Gratefully, the Lord gave us his perspective for ambition, success, and greatness as he walked to Jerusalem with his disciples in Mark 10, and it is much different than our own. In light of Jesus’ teaching to the disciples on that walk, I want to provide five evaluative questions for testing any ambition we might discover in our hearts.

1) How might I know Christ and become more like him as a result of chasing this ambition?

Ambition is often an acknowledgement that this world is fallen, and something is not quite right. We long for the New Creation, and we work to bring a taste of its blessings through the gospel. However, we run into trouble when we misdiagnose the problem or overestimate our role in its solution. We want the glories of heaven now, and we often want to find ourselves at the center instead of Christ.

In Mark 10:32-34, Jesus is walking out ahead of his disciples, resolutely moving toward Jerusalem, the place where he would accomplish the climactic work that he came to do. His ambition is set on dying in our place, for our sin, and rising again so that we could receive new life in him. This life is vastly different and infinitely more glorious than our fleshly solutions for the fallen world. Yet its joy is found not in self-glory, but in glorying in Christ our Savior.

As we come to see him as the final goal of all godly ambition, our lives take on a cruciform shape. We see the beauty of dying to ourselves in Christ so that the life of Christ might come to live in us. Our ultimate definition of success must be to know Christ himself and the power of his resurrection by becoming like him in his death (see Phil. 3:10), and every other ambition must be tested by its contribution to that ultimate ambition.

This Christ-centrality leads to a second test.

2) How does this ambition acknowledge that Jesus is in the position of Lord of my life?

Immediately after this prediction of his death and resurrection in Mark 10, James and John ask Jesus for the most prominent positions in his kingdom. I will get to the heart of their request in a moment, but I want to point out here that their request still acknowledges Jesus’ rightful place on the throne. They say, “Grant us to sit, one at your right hand and at your left, in your glory” (Mark 10:35 ESV). Most of us, if we’re honest, want the central place on the throne, so we must give James and John partial credit on their ambitions. They knew Jesus’ kingdom was the place where he was ultimately glorified, even if they desired a portion of that glory for themselves.

Yet this demonstrates an important characteristic of ambitions: they are often fickle. The ugly cake of our fleshly desires can be iced over with Jesus-colored frosting. Likewise, truly Kingdom-minded ambitions can be laced with selfish desire that must be eliminated.

We will often need other Spirit-filled counselors to speak into our fickle hearts to help us examine the motivations that exist there. Ultimately, the question here is, “If the Lord chooses to say yes or no to this ambition, will I still delight in him above all?”

It is easy to convince ourselves of the purity of our ambitions.
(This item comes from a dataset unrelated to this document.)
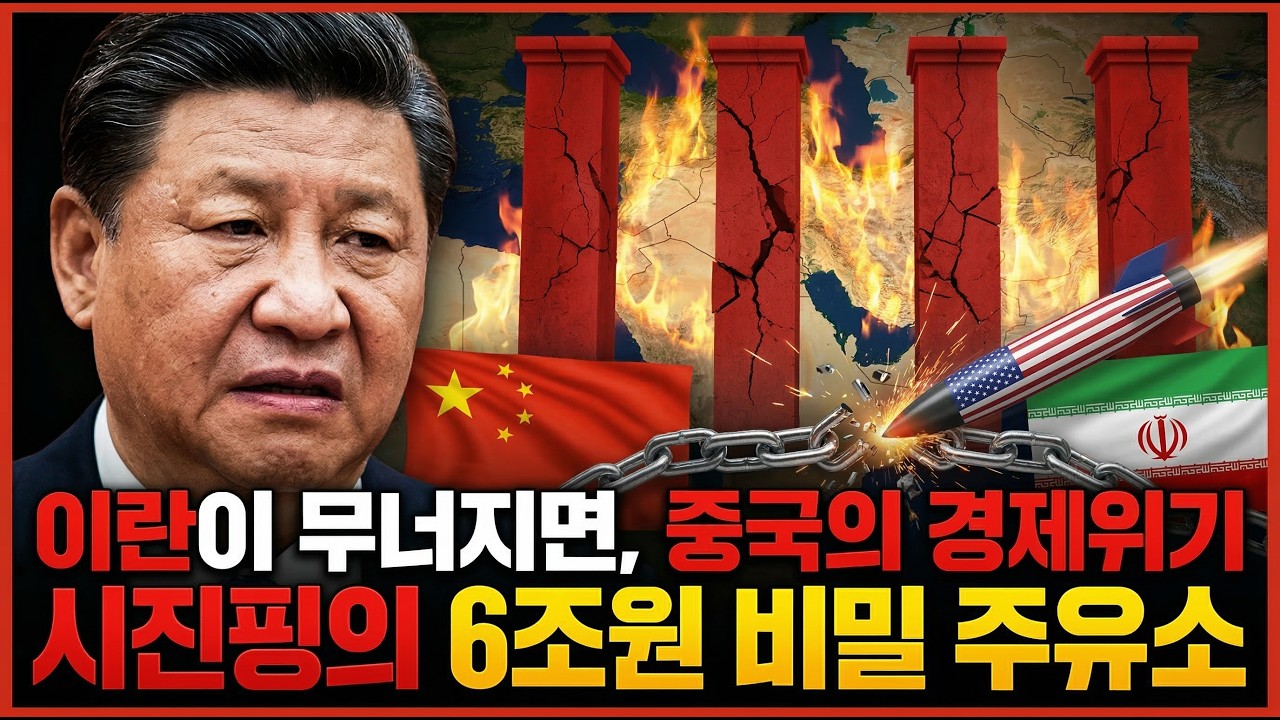 중동 전쟁 , 중국 경제가 무너지는 이유 (이란 원유, 일대일로, 페트로 위안화 위기)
It’s easy to think that because the work we are doing is still for Christ’s kingdom, then our ambitions must be pure. But motivations matter. We can test our ambitions before we get into them, but ongoing check-ups are still necessary. That’s why we must ask the next question.

3) Would I still pursue this ambition if no one else noticed me?

At the heart of James’ and John’s request was a desire for prominence, esteem, and notoriety. They wanted to wield power in the glorious kingdom of Christ. They wanted the esteem that would come from a close relationship to the most glorious king. However, the glory of Jesus was not what was seen on the surface, but in who he truly was and what he came to do.

This summer, our family vacationed in Portland, Maine where we visited the Portland Head Lighthouse, the most photographed lighthouse in the world. It is picturesque, quintessential Maine.        It was built beginning in 1787 and construction was completed in 1790, and as you might expect, it functioned to keep sailors from running ashore along the coast of Portland.

However, what is left out of most of the pictures is a smaller, less attractive lighthouse that sits just a mile off the coast. The Ram Island Ledge Lighthouse was constructed in 1903 to mark out the reefs around Ram Island, which is one of the most feared spots by local sailors. Together, the two lighthouses have guided countless ships to safety.

It is ironic to me that you can capture the Ram Island Lighthouse in a photograph and not even notice it at first. Someone had to point it out to me after I took the picture. However, it serves the exact same purpose.

Which one is greater? Portland Head, that everyone comes to see, or Ram Island, which keeps sailors safe in the most treacherous waters in Portland?

We must be careful how we answer. The truth is, they are the same in value because they both fulfilled the same purpose. The greatness of either lighthouse is not marked by the number of times it is photographed, and its beauty is not found in its aesthetic appeal. Its value is found in the purpose for which it was created and the lives that it saves.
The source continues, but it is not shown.